The main driver for this growth, therefore, has been investment demand (gross fixed capital formation) which has shown a growth of 10.2 per cent in FY24, economists say. This has particularly been driven by government capital expenditure growth directed towards building infrastructure, as per Srivastava.
"An unanticipated feature of the FY24 annual growth relates to the difference between the GDP growth of 7.6 per cent vis-à-vis GVA growth of only 6.9 per cent which is accounted for by growth in net indirect taxes (indirect taxes net of subsidies). GoI’s indirect tax growth remained low at 4.5 per cent during April-January FY24. It implies, therefore, that subsidies were reduced substantially leading to a significant excess of GDP growth over GVA growth of 0.7 percentage points," Srivastava points out.

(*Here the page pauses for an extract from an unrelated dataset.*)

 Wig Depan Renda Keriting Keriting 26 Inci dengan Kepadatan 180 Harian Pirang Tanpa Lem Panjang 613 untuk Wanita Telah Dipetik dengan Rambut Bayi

Credit Outlook for India Inc.
According to the latest assessment by CRISIL Ratings for fiscal 2025, the credit quality outlook will remain positive. Upgrades will continue to outpace downgrades, driven by domestic demand, low corporate debt levels and tailwinds from the ongoing infrastructure build-out, says Gurpreet Chhatwal, Managing Director, CRISIL Ratings. For the fiscal year gone by (FY24), the CRISIL Ratings credit ratio (rating upgrades to downgrades) moderated in the second half of fiscal 2024 but remained elevated. In all, there were 409 upgrades and 228 downgrades in FY24. “The three key pillars of India Inc.’s credit quality — deleveraged balance sheets, sustained domestic demand and government-led capex — kept the upgrade rate elevated in the second half of fiscal 2024. That’s above the 10-year average for the sixth consecutive half year," explains Chhatwal.
So what is in store for India Inc. in FY25? As per Chhatwal, for fiscal 2025, as many as 21 of 26 corporate sectors have strong-to-favourable credit quality outlook, marked by robust balance sheets and healthy operating cash flows — expected to be as much, or higher, than in fiscal 2024. These include auto component manufacturers, hospitality and education sector companies where the credit quality is supported by healthy domestic demand. It also includes sectors benefiting from the government’s infrastructure spending, such as construction companies, steel, cement and capital goods manufacturers, Chhatwal adds.
For banks, credit growth is expected to remain healthy in fiscal 2025, but grow a tad slower at ~14 per cent, compared with ~16 per cent estimated for fiscal 2024, given the likely moderation in economic growth.